Segment Start: MATERIAL PROVIDED

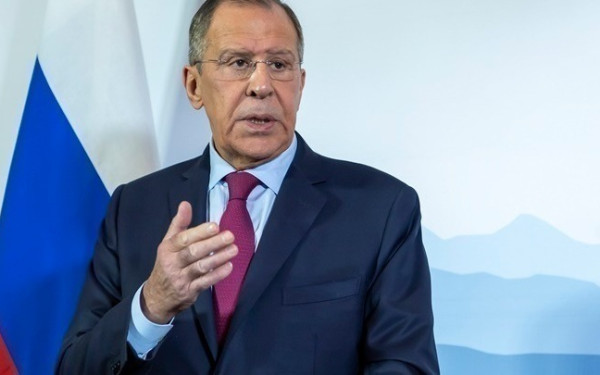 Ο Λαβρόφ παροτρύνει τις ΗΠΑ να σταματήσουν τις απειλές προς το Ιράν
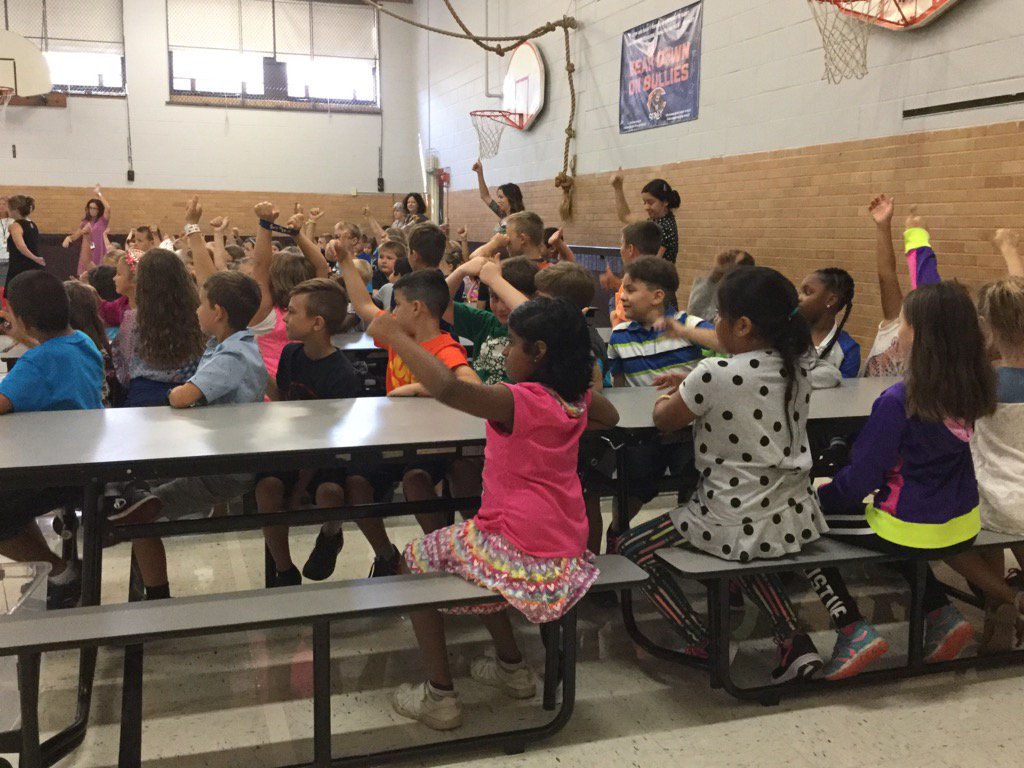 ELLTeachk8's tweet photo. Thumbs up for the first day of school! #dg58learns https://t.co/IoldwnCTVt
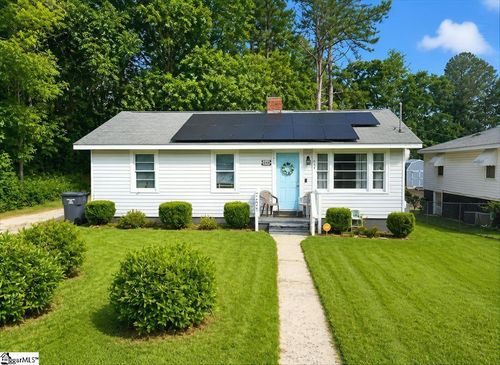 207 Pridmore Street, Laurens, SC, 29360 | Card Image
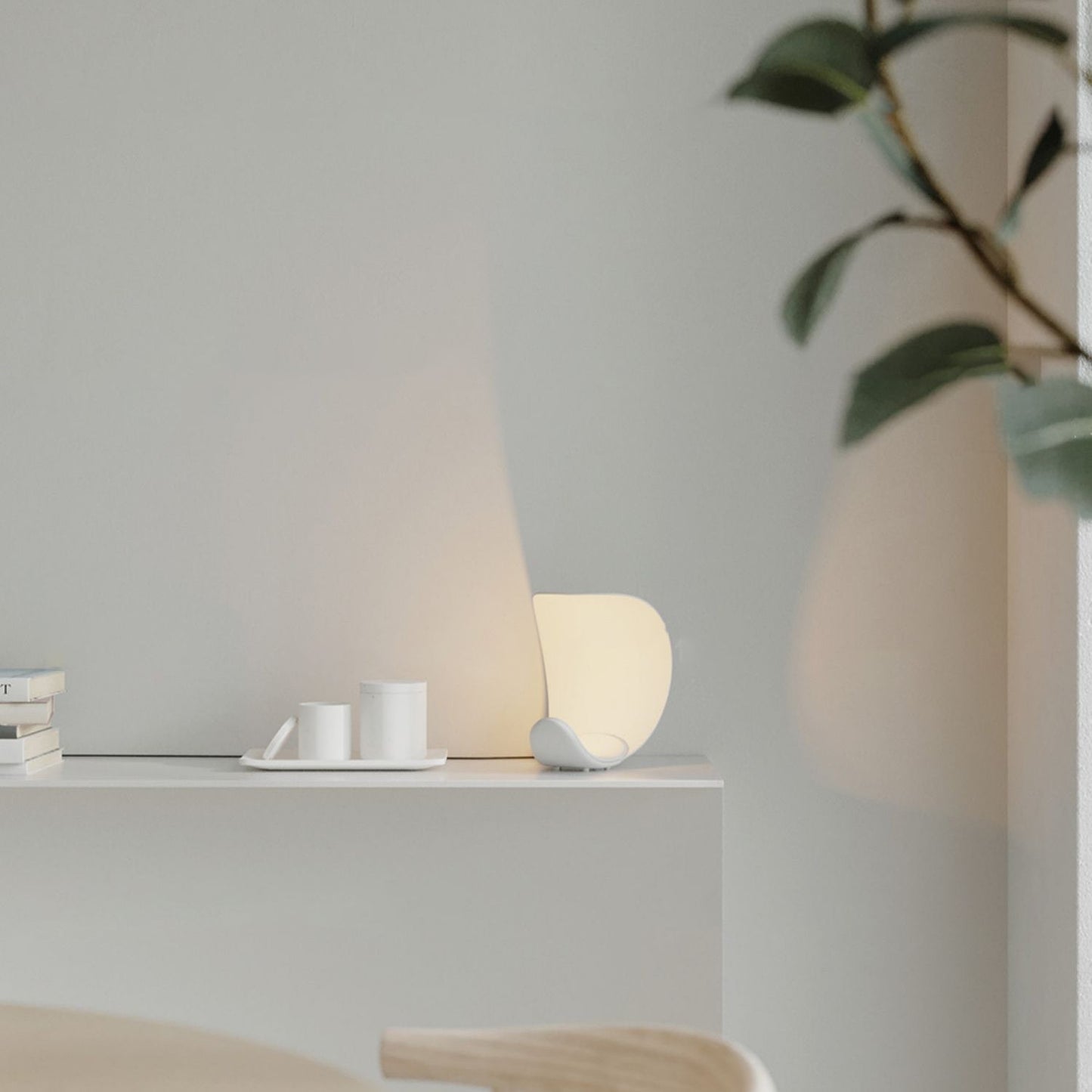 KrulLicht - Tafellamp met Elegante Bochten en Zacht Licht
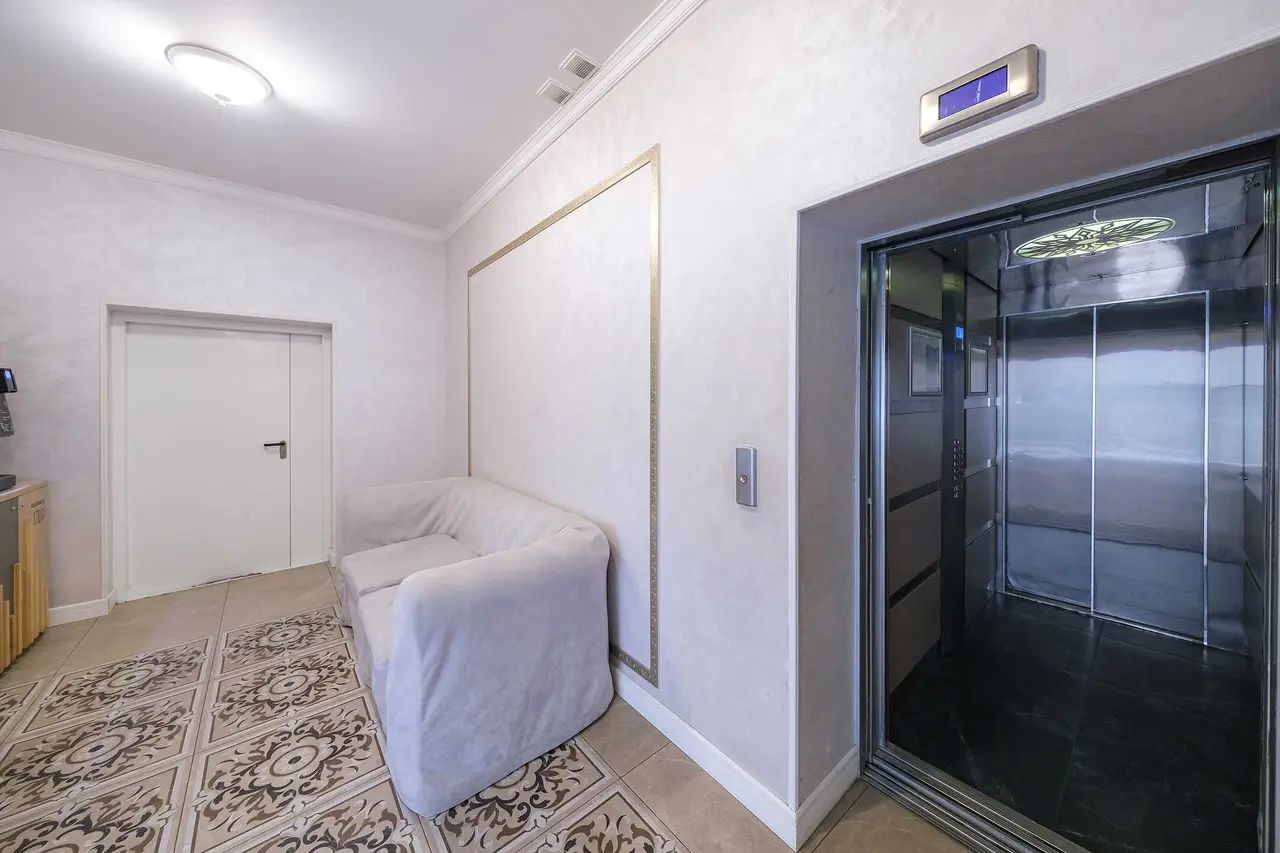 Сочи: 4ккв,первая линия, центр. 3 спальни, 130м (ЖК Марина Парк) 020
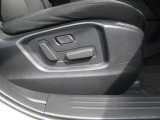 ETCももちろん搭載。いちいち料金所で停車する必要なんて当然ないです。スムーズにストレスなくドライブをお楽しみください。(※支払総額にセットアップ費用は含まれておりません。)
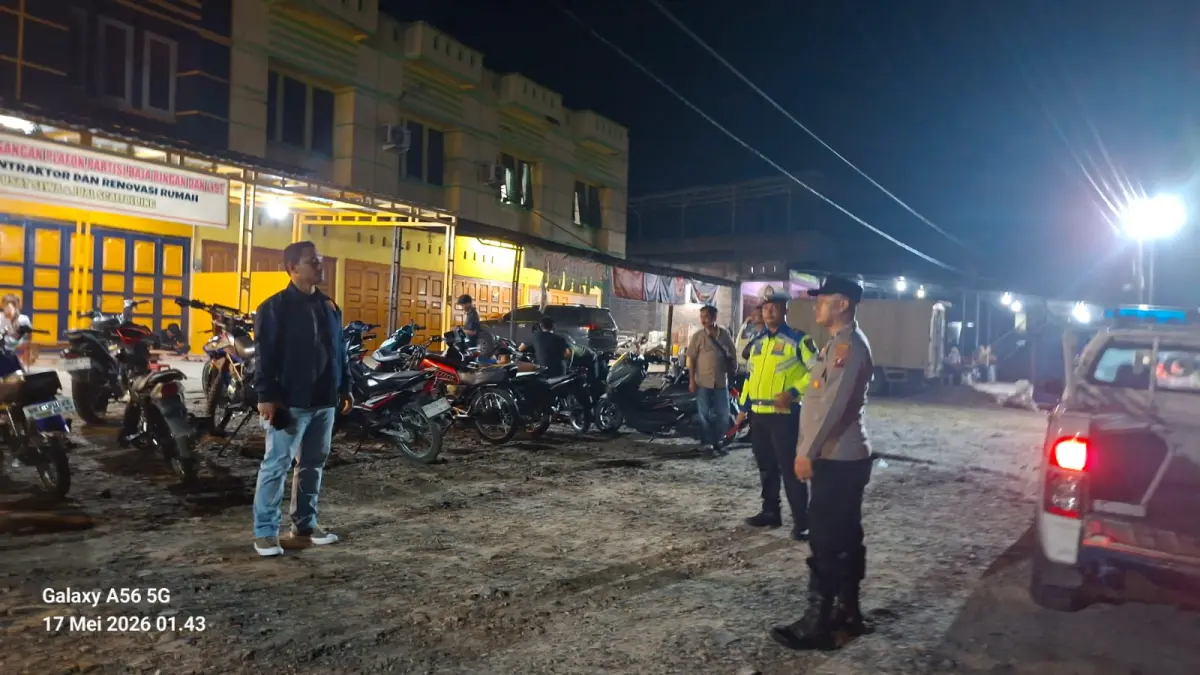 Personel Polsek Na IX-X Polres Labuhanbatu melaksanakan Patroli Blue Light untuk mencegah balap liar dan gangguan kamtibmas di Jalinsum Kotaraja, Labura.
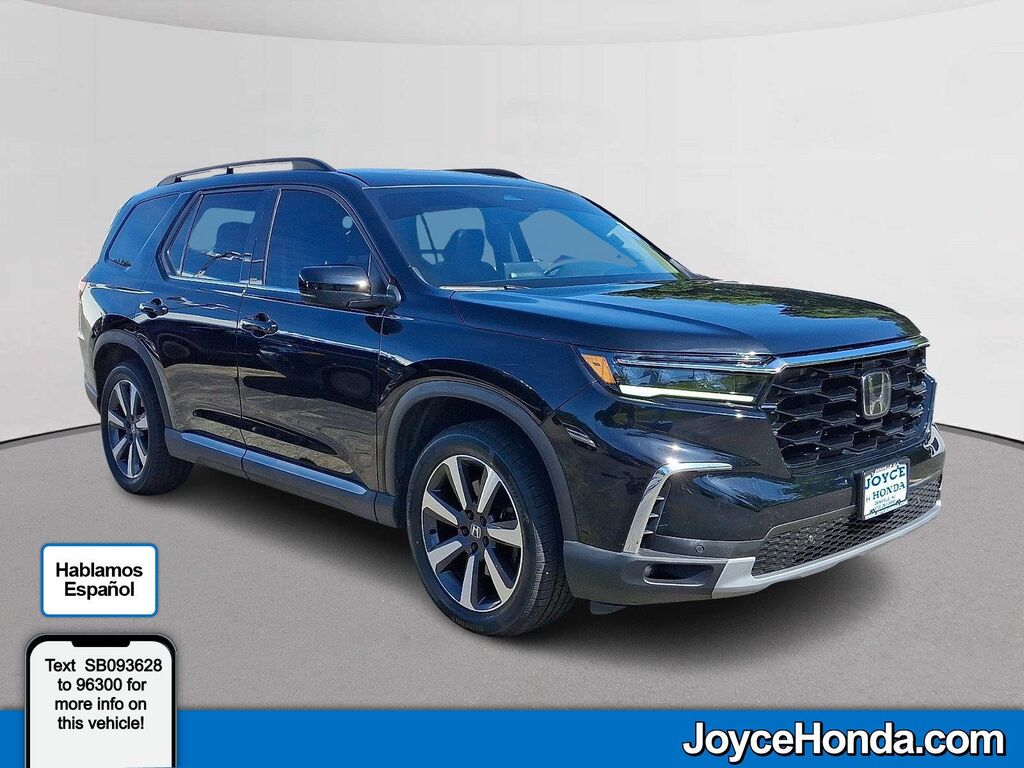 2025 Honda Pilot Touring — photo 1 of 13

Segment End: MATERIAL PROVIDED

> _PROBLEM REQUIREMENTS_
Could you repeat exactly the lines from the one containing "Personel Polsek Na" to the last line of the records, both included, and leave out every picture?

> _EXERCISE RESPONSE_
 Personel Polsek Na IX-X Polres Labuhanbatu melaksanakan Patroli Blue Light untuk mencegah balap liar dan gangguan kamtibmas di Jalinsum Kotaraja, Labura.
 2025 Honda Pilot Touring — photo 1 of 13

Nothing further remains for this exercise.